Crawled caption data
::::::::

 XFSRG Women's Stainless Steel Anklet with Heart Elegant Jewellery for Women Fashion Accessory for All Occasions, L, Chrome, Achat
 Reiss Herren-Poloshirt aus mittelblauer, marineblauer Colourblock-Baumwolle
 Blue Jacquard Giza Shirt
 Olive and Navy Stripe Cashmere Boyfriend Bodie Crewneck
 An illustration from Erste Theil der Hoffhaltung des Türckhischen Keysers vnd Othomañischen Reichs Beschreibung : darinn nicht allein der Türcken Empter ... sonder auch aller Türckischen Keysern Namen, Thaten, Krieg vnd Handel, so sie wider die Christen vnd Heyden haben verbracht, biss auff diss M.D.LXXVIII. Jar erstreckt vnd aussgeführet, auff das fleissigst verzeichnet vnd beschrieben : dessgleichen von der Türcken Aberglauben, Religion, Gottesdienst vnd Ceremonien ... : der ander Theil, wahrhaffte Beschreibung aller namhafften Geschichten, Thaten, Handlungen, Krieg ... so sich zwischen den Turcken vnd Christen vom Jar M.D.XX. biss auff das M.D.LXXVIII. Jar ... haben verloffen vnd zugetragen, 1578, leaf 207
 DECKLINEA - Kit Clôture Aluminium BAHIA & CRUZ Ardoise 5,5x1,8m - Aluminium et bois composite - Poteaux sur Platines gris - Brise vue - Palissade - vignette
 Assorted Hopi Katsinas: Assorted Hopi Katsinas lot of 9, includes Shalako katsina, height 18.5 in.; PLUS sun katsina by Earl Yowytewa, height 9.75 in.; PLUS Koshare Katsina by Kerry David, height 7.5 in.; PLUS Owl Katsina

::::::::

Starting from the line with "DECKLINEA - Kit" and ending with the final line of the data, quote every line exactly, both ends included.

Solution below:
 DECKLINEA - Kit Clôture Aluminium BAHIA & CRUZ Ardoise 5,5x1,8m - Aluminium et bois composite - Poteaux sur Platines gris - Brise vue - Palissade - vignette
 Assorted Hopi Katsinas: Assorted Hopi Katsinas lot of 9, includes Shalako katsina, height 18.5 in.; PLUS sun katsina by Earl Yowytewa, height 9.75 in.; PLUS Koshare Katsina by Kerry David, height 7.5 in.; PLUS Owl Katsina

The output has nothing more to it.